"Ajudar! Todos aqui dizem que querem me ajudar!"
Que este filme é um clássico do cinema nacional, não há a menor sombra de dúvidas. Envolvente, bem escrito e dirigido e com cenas marcantes. Esta poderia ser a fórmula perfeita para fazer de um filme algo memorável. Porém O Pagador de Promessas vai além: seu pano de fundo é uma excelente e profunda crítica social, tão importante na época em que foi realizado quanto nos dias de hoje. Promover reflexões acerca da fé e da religião, do papel da imprensa na sociedade, das visões políticas e da convivência entre as classes sociais só causa efeito se realmente possuir fundamentos. O longa-metragem, ganhador da Palma de Ouro de Cannes de 1962, está aí justamente para provar isso. E é isso que o torna verdadeiramente um clássico.
Acompanhamos Zé do Burro e sua esposa Rosa em sua jornada, desde um sítio em algum cantinho remoto do sertão baiano até Salvador, mais especificamente na Igreja de Santa Bárbara. Todas as sete intermináveis léguas são percorridas pelo homem com uma cruz pesadíssima nas costas, do mesmo modo que fez Jesus Cristo na histórica via crucis. Neste ponto, dou uma pausa na sinopse para um pequeno comentário: é incrível a semelhança da jovem Glória Menezes, que interpreta Rosa, com Marcélia Cartaxo no papel de Macabéa, em A Hora da Estrela, filmado duas décadas depois. Como estão parecidas!
Ao chegar na igreja, já de madrugada, o casal encontra-a fechada e decide esperar. E é a partir daí que os problemas começam. A esposa conhece o cafetão da cidade, que vê a inocente moça como uma forte candidata a ser sua amante, tudo debaixo do nariz também inocente de Zé.
Amanhece na cidade, e é dia de procissão. A missa se inicia, como todos os dias, às 6 da manhã. Mas aquele dia não seria comum; seria um dia histórico, que mudaria os rumos daquela cidade. Tudo por causa de um forasteiro, simples pagador de promessas.

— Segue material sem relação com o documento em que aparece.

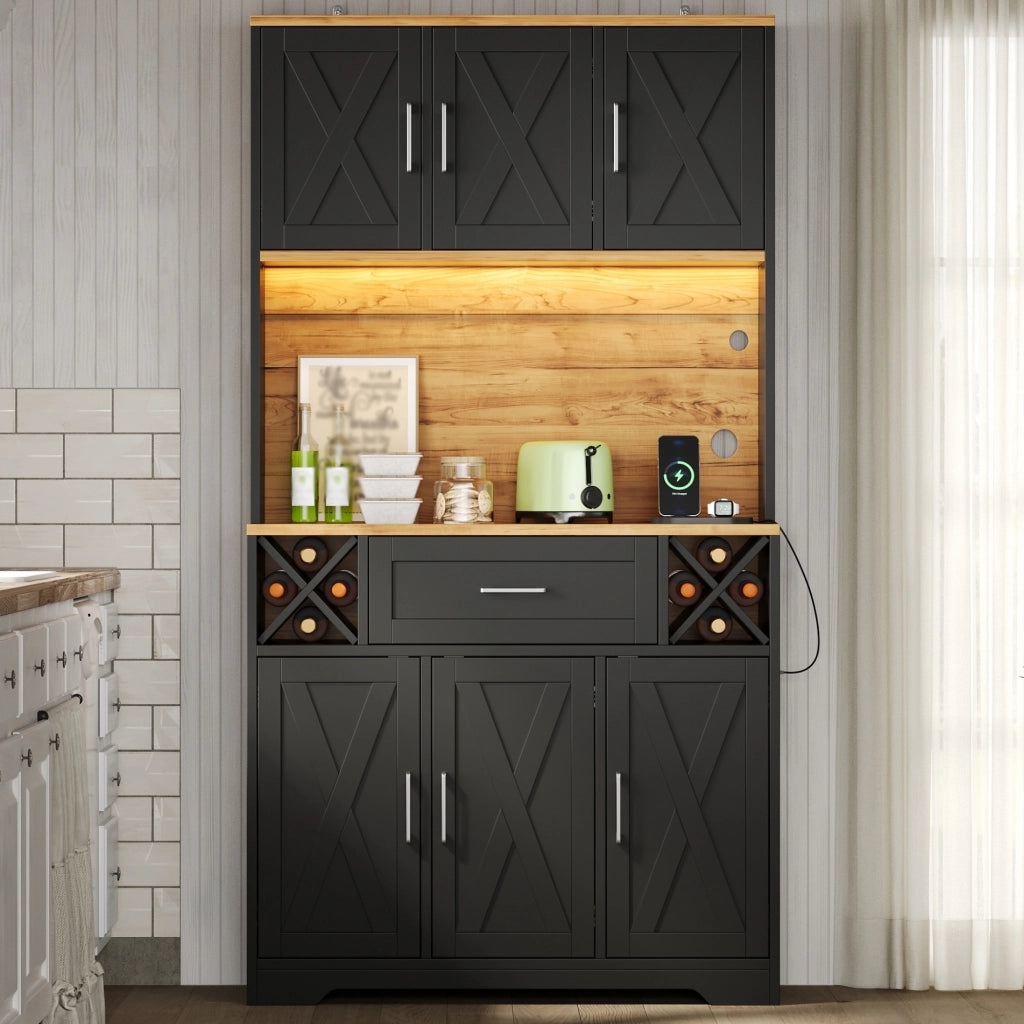 Credenza da cucina con LED RGB; vano aperto; cassetto; portabottiglie estraibili; prese e porte scorrevoli 105 × 40 × 180 cm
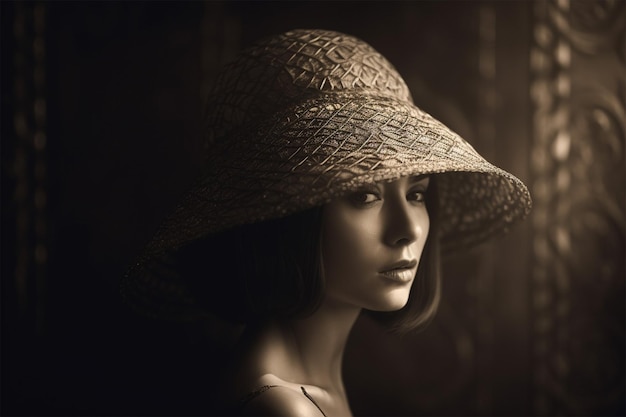 Model Wearing a Hat Made by Ruth Asawa Stunning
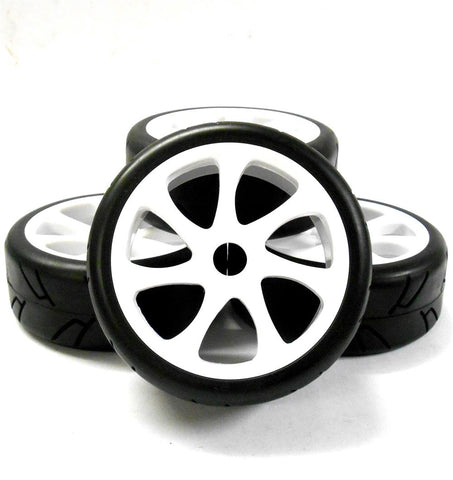HS281023W 1/8 On Road Street Tread Car RC Wheels and Tyres 7 Spoke White 4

Zé do Burro pede permissão ao padre para cumprir sua palavra com a Santa: levar a pesada cruz até a igreja e, assim, quitar sua "dívida". O padre se mostra receptivo e acolhedor até o momento em que descobre o verdadeiro motivo de toda aquela odisseia pela qual passou o protagonista: a vida e a saúde de um burro, animalzinho apelidado pelo nome de Nicolau. O maior absurdo, na visão do padre, estaria por vir: a promessa havia sido feita perante o culto do candomblé. "É o satanás! É um sacrilégio! A Igreja não é um lugar para pagãos como você!" Estavam fechadas, assim, as portas do santuário cristão para o pobre, faminto e cansado Zé.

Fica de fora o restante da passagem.